Organized 7-on-7 leagues grew out of flag football, which got its start on Army bases during the 1940s as a means of recreation for military personnel.
Fast-forward a few decades, and it is now one of the hottest new tactics in college recruiting.
“Basically, we’re wanting to work on skills and installing what we’re running this season,” said Murphysboro coach Gary Carter. “We’re not a passing team, but we’ve gone to three 7-on-7 tournaments and there is conditioning involved.”
The Red Devils participated in tournaments at SIU, University of Illinois and Bethalto Civic Memorial last month. The team has a 7-on-7 battle with Mount Vernon tentatively scheduled for Aug. 2, but the format and organization of each event can vary depending on the host.
“It’s typically pool play in a round-robin format, with the results of pool play determining who you play in the later rounds,” Carter said. “At U of I, there was a set schedule with teams of similar enrollment playing each other.”
AAU guidelines require games to be played with a 30-minute running clock on 40-yard fields, plus an additional 10 yards for the end zone. All possessions start at the 40-yard line, no matter where the defense stops the offense.
“I look at it as a teaching tool,” Carter said. “Some coaches don’t look at it that way, but you can slow things down and it’s great for the kids and the program.”
No running plays are allowed and the quarterback has four seconds to release the ball or the play is blown dead. Touchdowns are six points each, while each series gets only one first down — when the offense reaches the 20 within four downs.
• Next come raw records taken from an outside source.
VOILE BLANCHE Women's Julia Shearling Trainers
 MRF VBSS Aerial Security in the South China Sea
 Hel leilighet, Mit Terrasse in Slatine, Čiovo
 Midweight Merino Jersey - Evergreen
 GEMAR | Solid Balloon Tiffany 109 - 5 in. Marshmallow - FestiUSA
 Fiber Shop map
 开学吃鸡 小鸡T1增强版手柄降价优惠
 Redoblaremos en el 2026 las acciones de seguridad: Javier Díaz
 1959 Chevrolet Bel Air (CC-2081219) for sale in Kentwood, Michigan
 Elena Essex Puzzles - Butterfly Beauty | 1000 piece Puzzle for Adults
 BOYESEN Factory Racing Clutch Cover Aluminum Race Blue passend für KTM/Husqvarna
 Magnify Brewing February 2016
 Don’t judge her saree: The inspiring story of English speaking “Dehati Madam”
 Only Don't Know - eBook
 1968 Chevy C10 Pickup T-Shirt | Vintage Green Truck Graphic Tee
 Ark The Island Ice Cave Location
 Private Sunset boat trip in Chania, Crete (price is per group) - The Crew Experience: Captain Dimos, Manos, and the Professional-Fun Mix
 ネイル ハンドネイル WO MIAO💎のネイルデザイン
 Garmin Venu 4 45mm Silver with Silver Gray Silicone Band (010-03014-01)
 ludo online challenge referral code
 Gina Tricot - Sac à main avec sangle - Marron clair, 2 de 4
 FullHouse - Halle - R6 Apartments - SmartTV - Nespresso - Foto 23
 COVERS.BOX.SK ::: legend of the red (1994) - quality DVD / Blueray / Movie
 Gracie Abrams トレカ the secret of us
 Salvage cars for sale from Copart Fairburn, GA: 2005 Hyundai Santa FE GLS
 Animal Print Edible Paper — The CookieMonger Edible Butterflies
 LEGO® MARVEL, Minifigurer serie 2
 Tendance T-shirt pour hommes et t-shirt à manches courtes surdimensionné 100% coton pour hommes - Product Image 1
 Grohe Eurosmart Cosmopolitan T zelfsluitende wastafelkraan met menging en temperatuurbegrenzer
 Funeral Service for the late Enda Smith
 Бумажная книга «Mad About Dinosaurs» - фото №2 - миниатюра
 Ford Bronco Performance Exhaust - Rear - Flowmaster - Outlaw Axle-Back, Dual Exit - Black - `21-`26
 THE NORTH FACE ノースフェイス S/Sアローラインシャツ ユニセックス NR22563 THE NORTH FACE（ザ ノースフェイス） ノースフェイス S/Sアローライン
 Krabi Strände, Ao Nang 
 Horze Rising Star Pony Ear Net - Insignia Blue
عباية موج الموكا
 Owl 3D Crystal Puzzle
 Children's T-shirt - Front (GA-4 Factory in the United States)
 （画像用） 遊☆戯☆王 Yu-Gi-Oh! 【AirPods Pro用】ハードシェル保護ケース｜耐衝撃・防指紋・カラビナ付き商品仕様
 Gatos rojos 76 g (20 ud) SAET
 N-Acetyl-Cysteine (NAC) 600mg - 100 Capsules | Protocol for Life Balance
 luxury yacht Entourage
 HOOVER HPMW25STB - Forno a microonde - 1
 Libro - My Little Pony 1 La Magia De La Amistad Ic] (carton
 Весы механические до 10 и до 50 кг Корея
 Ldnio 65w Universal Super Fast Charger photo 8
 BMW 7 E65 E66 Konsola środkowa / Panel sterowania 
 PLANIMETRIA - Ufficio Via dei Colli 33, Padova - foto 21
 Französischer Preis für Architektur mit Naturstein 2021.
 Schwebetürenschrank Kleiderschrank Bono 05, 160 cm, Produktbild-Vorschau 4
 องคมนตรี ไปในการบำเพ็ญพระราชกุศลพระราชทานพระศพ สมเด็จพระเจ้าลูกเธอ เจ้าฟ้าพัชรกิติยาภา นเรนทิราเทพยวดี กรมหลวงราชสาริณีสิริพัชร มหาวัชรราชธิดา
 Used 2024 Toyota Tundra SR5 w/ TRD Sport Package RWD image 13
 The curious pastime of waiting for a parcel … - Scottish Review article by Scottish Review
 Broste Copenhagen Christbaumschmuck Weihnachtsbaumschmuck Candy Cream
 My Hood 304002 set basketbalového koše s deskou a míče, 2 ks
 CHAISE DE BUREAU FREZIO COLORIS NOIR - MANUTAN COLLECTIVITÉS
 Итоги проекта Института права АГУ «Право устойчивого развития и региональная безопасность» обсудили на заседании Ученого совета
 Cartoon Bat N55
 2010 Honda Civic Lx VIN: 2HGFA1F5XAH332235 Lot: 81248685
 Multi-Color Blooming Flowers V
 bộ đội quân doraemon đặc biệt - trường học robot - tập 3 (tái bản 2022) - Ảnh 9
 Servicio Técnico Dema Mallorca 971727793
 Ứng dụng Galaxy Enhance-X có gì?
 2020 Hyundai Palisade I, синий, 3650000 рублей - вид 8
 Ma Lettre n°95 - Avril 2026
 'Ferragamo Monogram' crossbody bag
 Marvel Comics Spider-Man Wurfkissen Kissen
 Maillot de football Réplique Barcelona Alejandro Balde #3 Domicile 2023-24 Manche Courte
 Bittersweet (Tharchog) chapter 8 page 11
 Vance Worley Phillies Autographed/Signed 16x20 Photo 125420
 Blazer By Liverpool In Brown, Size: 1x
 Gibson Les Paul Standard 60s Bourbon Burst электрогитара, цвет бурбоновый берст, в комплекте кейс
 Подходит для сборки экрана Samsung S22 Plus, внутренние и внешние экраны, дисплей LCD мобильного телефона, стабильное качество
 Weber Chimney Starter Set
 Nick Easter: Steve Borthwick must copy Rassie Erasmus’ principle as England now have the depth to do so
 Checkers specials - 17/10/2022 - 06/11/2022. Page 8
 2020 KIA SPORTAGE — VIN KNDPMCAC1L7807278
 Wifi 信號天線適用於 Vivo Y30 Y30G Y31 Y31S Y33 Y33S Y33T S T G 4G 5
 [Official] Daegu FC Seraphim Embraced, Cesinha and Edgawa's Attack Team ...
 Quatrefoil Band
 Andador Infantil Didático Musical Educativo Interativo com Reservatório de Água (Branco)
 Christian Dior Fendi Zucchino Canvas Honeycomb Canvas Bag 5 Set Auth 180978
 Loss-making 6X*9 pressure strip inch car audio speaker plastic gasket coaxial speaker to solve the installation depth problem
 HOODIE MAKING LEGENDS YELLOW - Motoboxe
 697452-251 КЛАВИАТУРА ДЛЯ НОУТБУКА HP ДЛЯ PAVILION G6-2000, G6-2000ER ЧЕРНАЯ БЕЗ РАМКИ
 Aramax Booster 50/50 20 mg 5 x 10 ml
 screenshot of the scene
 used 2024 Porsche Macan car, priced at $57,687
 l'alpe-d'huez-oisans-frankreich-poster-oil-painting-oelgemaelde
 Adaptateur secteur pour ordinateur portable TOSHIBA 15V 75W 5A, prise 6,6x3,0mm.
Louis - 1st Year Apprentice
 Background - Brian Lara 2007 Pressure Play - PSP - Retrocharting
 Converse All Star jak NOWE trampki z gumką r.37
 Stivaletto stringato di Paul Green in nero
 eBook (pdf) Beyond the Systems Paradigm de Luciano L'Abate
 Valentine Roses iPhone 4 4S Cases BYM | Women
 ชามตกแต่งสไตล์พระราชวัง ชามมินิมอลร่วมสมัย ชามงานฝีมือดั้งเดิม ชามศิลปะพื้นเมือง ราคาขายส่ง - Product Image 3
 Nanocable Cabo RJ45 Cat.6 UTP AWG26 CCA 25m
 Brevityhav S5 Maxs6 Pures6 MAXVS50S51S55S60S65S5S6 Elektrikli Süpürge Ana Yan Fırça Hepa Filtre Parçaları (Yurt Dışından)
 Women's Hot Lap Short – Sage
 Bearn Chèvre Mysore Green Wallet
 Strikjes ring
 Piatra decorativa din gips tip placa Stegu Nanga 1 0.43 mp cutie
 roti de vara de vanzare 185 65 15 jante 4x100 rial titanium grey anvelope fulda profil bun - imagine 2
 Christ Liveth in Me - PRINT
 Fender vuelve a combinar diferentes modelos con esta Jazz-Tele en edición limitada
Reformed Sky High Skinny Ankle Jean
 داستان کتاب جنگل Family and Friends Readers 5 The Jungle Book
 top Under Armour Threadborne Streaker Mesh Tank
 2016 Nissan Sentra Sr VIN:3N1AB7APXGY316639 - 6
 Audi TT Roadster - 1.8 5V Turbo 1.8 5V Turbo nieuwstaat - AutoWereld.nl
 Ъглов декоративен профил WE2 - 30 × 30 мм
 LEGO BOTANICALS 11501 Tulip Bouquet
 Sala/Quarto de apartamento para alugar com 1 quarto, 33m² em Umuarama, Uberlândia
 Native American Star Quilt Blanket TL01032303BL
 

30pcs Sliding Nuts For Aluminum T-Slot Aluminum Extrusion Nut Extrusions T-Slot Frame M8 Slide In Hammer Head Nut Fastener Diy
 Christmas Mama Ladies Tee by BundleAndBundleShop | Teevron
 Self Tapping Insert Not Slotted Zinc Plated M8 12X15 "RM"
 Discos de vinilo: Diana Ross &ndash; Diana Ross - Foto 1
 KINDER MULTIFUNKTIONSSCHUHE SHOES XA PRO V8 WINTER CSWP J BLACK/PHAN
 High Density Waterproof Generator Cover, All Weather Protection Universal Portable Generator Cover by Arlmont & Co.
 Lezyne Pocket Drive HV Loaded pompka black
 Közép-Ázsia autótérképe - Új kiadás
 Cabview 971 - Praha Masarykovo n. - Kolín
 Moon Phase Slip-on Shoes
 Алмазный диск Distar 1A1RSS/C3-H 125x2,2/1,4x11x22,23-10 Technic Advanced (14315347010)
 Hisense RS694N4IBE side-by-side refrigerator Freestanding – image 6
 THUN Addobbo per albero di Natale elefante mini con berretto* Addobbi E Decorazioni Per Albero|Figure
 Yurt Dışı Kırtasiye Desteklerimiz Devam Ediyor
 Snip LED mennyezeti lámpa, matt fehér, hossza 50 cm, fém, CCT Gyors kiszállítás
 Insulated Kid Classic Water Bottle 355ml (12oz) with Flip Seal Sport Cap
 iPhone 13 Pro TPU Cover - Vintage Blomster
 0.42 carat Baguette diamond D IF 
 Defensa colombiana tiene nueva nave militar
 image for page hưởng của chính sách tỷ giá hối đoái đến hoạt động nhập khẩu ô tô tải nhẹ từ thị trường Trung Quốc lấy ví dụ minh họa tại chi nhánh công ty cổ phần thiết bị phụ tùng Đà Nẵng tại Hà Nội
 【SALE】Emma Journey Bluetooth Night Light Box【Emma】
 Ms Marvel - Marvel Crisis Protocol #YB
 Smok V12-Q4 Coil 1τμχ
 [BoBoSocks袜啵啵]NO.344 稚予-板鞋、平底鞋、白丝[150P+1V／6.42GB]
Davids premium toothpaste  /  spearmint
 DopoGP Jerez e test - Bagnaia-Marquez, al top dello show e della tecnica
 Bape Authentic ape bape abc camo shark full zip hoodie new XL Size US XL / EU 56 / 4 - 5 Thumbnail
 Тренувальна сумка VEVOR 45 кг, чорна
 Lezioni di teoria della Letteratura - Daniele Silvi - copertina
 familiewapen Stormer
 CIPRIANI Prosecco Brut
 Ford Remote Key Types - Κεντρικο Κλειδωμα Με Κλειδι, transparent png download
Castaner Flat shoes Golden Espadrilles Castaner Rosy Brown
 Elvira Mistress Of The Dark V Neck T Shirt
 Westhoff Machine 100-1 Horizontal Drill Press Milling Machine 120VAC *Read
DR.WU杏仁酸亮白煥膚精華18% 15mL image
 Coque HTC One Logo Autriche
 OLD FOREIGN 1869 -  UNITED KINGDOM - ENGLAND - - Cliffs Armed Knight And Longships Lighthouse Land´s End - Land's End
There is no tackling allowed, with one or two-hand contact stopping the play.
“The biggest fear is getting somebody hurt,” Carter said. “I had a kid break his leg in a 7-on-7 against Elkville.”
For programs that are rebuilding or undergoing a coaching transition, 7-on-7s can be an effective process to determine what assets a coach has to work with. In Sparta, coach Joe Bevis enters his second season rebuilding a program that hasn’t had a winning season since 1994.
“They’re helpful in a number of ways,” Bevis said. “It helps your kids build some confidence, it’s relevant in deciding who your defensive backs are and it gives you a more realistic gauge on your athleticism.
“It’s not the end-all, be-all because you’re not tackling, but I do enjoy them because it gets the kids out and competitive.”
Part of the allure of 7-on-7 tournaments is the attention they get from college coaches and recruiting websites. ESPN has also aired some of them in the past.
“They actually have (7-on-7) All-Star teams,” Carter said. “They run a generic offense and defense and they were showcases for college coaches to watch.
“It’s quite an honor to be on those teams.”
Despite criticism that it’s not “real football,” there are benefits to 7-on-7s. With improvements in the passing game, team chemistry and overall athleticism, it has become one of the fixtures of summer football.
“You really get to see the athleticism of your players,” Bevis said. “I’ve heard 7-on-7s referred to as ‘basketball on grass,’ and it is very, very quick.
“But, it doesn’t determine whether or not you’re going to have a successful season.”